Carrot and Pineapple Cake



It's been a while since I last posted here. I was quite busy the last few days. Alright, I know we had 2 straight long weekends but we went to visit some friends last week. I made this cake over the weekend and I followed the recipe in Barefoot Contessa. I halved the ingredients though because this was a bit experimental and I'm not sure if it will turn out okay. I also used olive oil instead of vegetable oil because we ran out of veg oil at home. Click here for the original recipe. Below is my version.

Cake:
1 c granulated sugar
1/2 c oil
2 eggs
1/2 tsp vanilla
1 1/4 c flour
1 tsp cinnamon
1 tsp baking soda
3/4 tsp salt
1/2 c raisins
1/2 c chopped walnuts
1 c carrots, grated
1/4 c pineapple (canned), diced

Cream Cheese Frosting:
170 g cream cheese (I used 3/4 of a 200 g Philadelphia soft cheese)
1/2 c melted butter
1/2 tsp vanilla
1 1/2 c confectioners sugar (icing sugar in the UK)

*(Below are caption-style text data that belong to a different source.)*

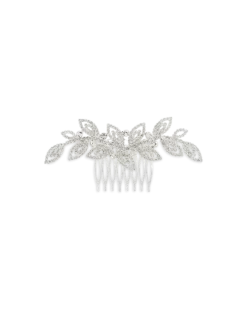 Discount Bijou Brigitte Pettine - Crystal Leaves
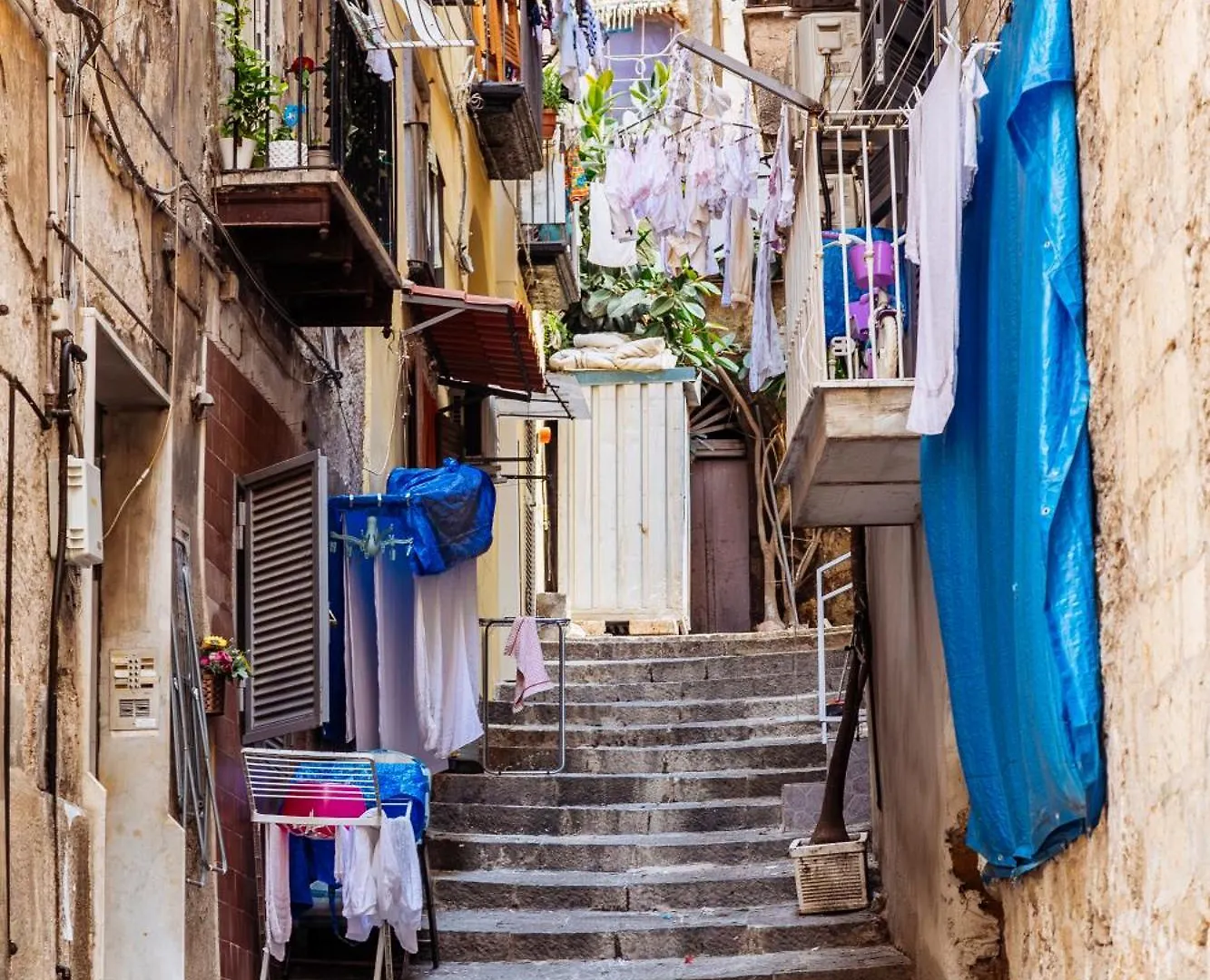 Casa Vacanza Napoli Tourist Experience Apartment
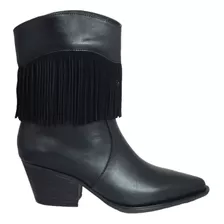 Botas De Vaquero Ascencio 23726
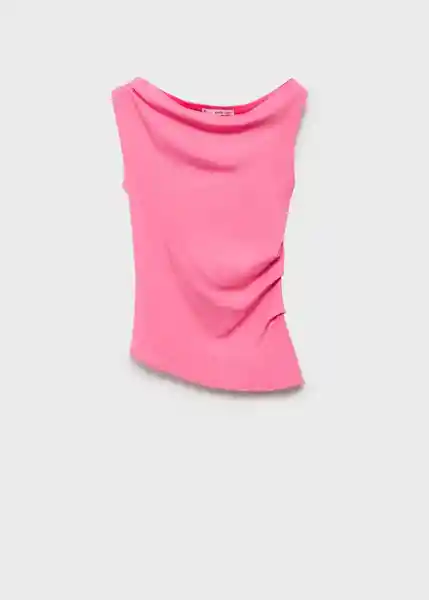 Top Juls Rosa Talla M Mujer Mango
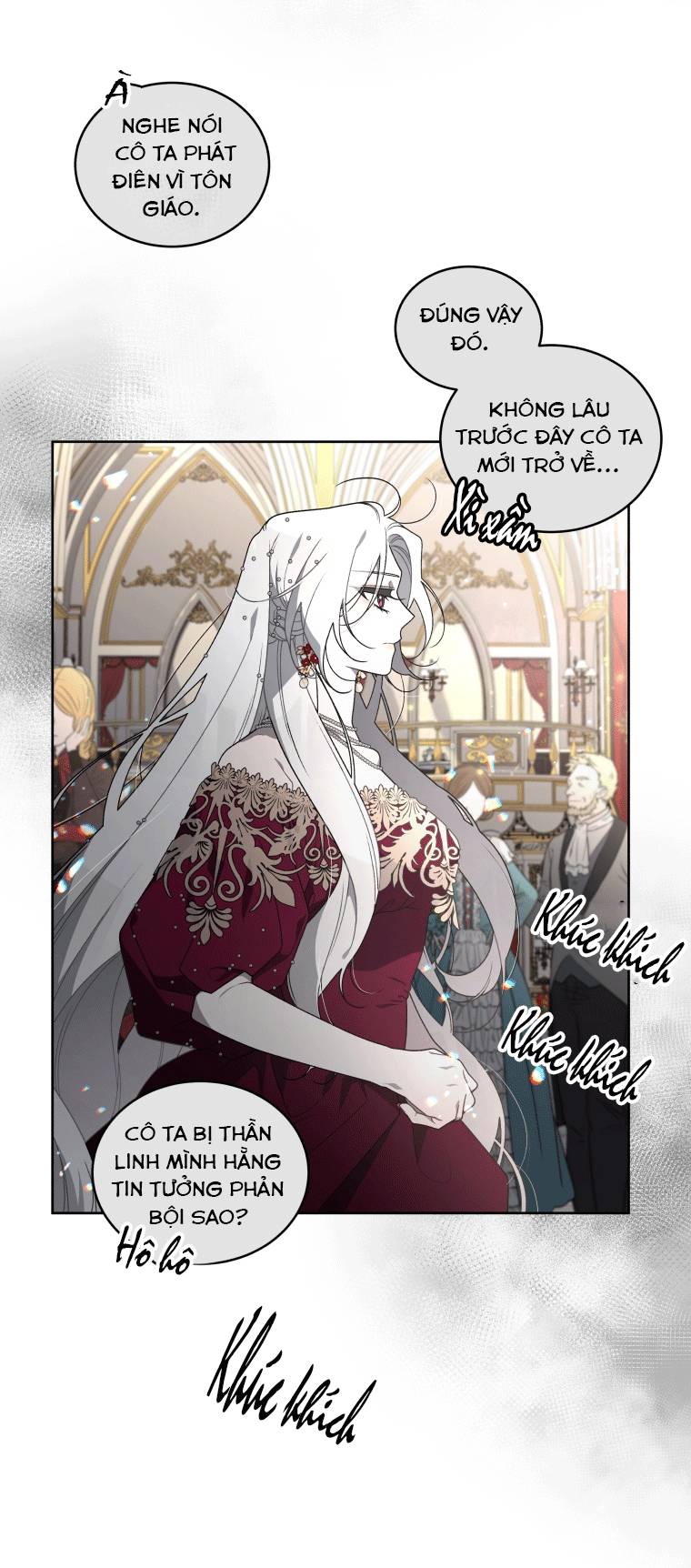 Ác Nữ Thuần Hoá Quái Thú - Chương 22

Preheat the oven to 170C. Place parchment paper on the bottom of two 8-inch round springform pans then butter the bottom and sides of the pan.

Mix the eggs, oil and sugar then beat them together until light yellow. Add vanilla. In a separate bowl, sift the dry ingredients together (flour, cinnamon, baking soda and salt) then add to the wet ingredients. Toss the raisins and walnuts with 1/2 tbsp flour to prevent from sticking together then add to the mixture. Fold in the carrots and pineapple and mix well.

Place the batter equally between the two pans and bake for 30-40 minutes or until the toothpick test comes out clean.

For the frosting, beat together cream cheese, butter, sugar and vanilla until smooth and it forms peaks.

Once the cakes have cooled completely, place the first layer flat side up then spread the frosting evenly. Place the second layer on top with the rounded side up. Spread the frosting evenly on top and on the sides of the cake. Decorate with the remaining walnut pieces.

Here's another version of my carrot cake, same recipe except that I added decorations on top because I gave this cake for my friend's birthday.


And another one, when I used Royal Icing sugar instead of just plain icing sugar thinking at that time that this would harden easily because I always end up with a runny frosting whenever I make carrot cakes. I've always followed the exact amount of ingredients and even used the electric hand mixer but would still end up with the same runny frosting. Although it can still be "repaired" by chilling the cake in the fridge, it would be be satisfying if you already have a spreadable frosting to begin with and not have that much mess when you ice the cake. After several tries, I later discovered that mixing the ingredients altogether (in one go) does the trick. Before, I would follow the instructions and beat the butter with the cream cheese first then later add the sugar. Anyway, this does it for me so I'm sticking to it.


And of course, the cupcake version. I just halved the ingredients which makes 12 cupcakes.The carrot toppers used were ready-made, I had to order them from Amazon as we don't have them here available from the local supermarket.